[RFD]: Hardware Inventory API and Data Model Proposal

### Decision Goal

To agree on the core data models and API endpoints for a new Hardware Inventory contract, and to identify key areas that require further discussion before implementation.

### Category

Architecture

### Stakeholders / Affected Areas

Sys admins, magellan, SMD

### Decision Needed By

_No response_

### Problem Statement

OpenCHAMI currently lacks means for tracking Field Replaceable Units (FRUs) and other hardware. The existing process is focused on functional gathering (e.g., information required for power control) and relies on manual workflows and CLI tools that are not easily auditable or consumable by other services. This proposal aims to solve that problem by defining a core inventory contract and a corresponding set of APIs to establish a baseline, programmatic source of truth for all hardware in the system.

### Core Data Models

#### The `Device` Model

The `Device` model represents any physical hardware component that is uniquely trackable within the system, covering everything from top-level systems like servers and switches down to individual FRUs such as GPUs, NICs, or DIMMs. The primary qualification for an item to be a `Device` is that it can be uniquely identified, typically through a combination of its manufacturer, part number, and serial number discovered via an out-of-band management interface like Redfish. The rationale here is that all items that can be individually replaced are tracked as their own distinct entities. 
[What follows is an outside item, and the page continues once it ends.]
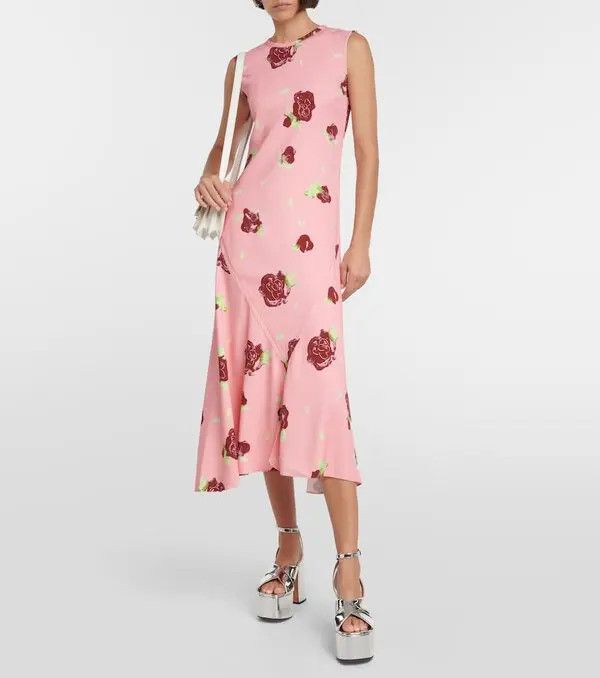Marni o1w1db10125 Dress in Pink Size S / US 4 / IT 40 - 4 Thumbnail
When storing `cables`, information about connections (such as when a node is connected to a switch) may be stored in the properties field. Best practice is to store this information as a connection with `endpointA` that lists a `port` and `deviceID` and `endpointB` that lists a `port` and `deviceID` to model the connection.

**Core fields**
* `id` (UUID): The permanent, unique identifier for the hardware.
* `deviceType` (Enum): The type of hardware (e.g., "Node", "GPU", "Rack").
* `manufacturer` (String): The manufacturer name.
* `partNumber` (String): The part number.
* `serialNumber` (String): The serial number.
* `parentID` (UUID): The parent device of this device. If null, this is a top-level device (i.e., a `rack`; dimms are children of nodes, etc.).
* `childrenDeviceIds` (Array of UUIDs): A read-only list of devices contained within this one. Calculated on-request, not stored (to avoid frequent updates).

**Arbitrary key-value store**
* `properties` (Map of strings to JSON values): An arbitrary key-value map for storing additional, non-standard attributes.

<details><summary>Properties information</summary>

### The `properties` Field for Custom Attributes

To resolve the open question regarding custom attributes, a `properties` field will be in the `Device` model. This field allows storing arbitrary key-value data that is not covered by the core model fields.

The `properties` field is a map where keys are strings and values can be any valid JSON type (string, number, boolean, null, array, or object). To ensure consistency and usability, the following constraints and guidelines apply.

#### Constraints on Keys

* all keys must be in lowercase `snake_case`.
* keys may only contain lowercase alphanumeric characters (`a-z`, `0-9`), underscores (`_`), and dots (`.`).
* the dot character (`.`) is used exclusively as a namespace separator to group related attributes (e.g., `bios.release_date`).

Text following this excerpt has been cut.